Task directions. Set the pictures aside and write down, exactly as they appear, the lines from the one containing "Hotel NH Firenze" through the end of the material.

Recorded data.
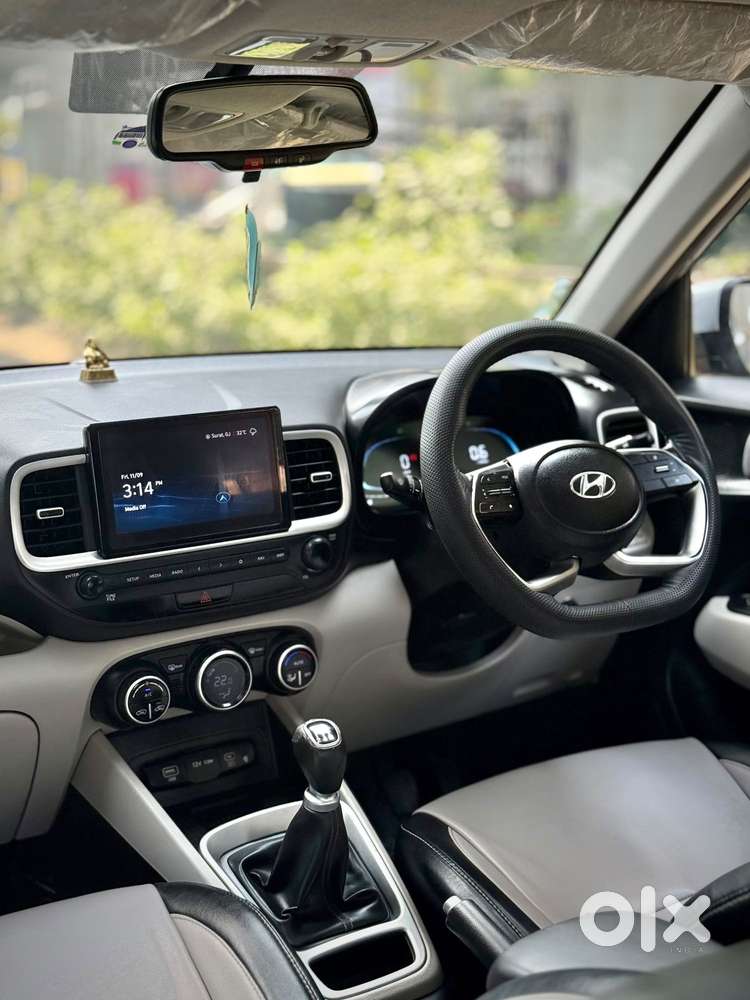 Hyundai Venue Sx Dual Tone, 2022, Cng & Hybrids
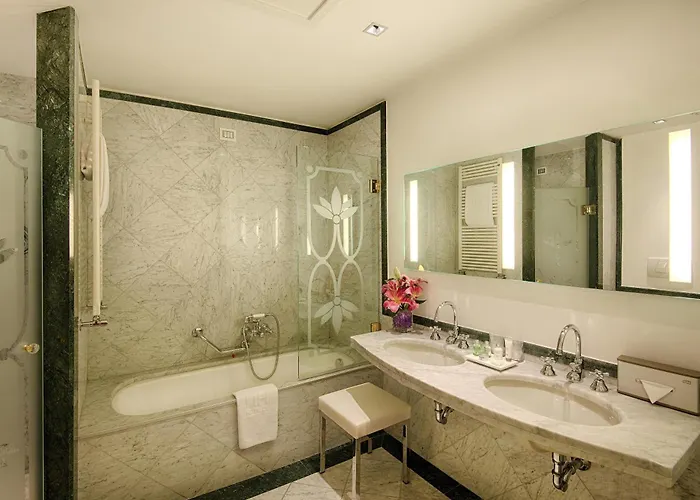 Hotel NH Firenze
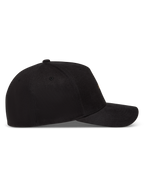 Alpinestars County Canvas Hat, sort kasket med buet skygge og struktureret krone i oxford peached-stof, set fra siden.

Your response.
 Hotel NH Firenze
 Alpinestars County Canvas Hat, sort kasket med buet skygge og struktureret krone i oxford peached-stof, set fra siden.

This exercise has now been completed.